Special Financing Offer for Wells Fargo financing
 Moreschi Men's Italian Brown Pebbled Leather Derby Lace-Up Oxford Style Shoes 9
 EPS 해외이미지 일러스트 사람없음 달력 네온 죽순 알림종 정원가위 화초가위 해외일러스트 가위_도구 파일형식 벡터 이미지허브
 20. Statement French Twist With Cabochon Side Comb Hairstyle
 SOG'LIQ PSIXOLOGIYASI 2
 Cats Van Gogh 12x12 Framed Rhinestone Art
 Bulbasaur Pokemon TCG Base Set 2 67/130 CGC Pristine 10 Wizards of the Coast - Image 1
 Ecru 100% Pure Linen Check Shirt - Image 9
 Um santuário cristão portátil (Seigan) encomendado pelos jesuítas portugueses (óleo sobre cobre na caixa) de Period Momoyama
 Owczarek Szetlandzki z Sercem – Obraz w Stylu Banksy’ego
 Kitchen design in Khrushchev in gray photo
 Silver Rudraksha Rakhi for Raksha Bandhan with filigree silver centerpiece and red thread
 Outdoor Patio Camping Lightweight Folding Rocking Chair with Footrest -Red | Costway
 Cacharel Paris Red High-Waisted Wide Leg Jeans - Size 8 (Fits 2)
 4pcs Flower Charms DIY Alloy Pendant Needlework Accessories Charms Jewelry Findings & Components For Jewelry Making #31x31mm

Task instructions —
Where the data above reaches the line holding "EPS 해외이미지 일러스트", begin printing, and stop after the line holding "Cats Van Gogh 12x12 Framed Rhinestone Art". Each line must be reproduced exactly, with nothing else added.

Final answer —
 EPS 해외이미지 일러스트 사람없음 달력 네온 죽순 알림종 정원가위 화초가위 해외일러스트 가위_도구 파일형식 벡터 이미지허브
 20. Statement French Twist With Cabochon Side Comb Hairstyle
 SOG'LIQ PSIXOLOGIYASI 2
 Cats Van Gogh 12x12 Framed Rhinestone Art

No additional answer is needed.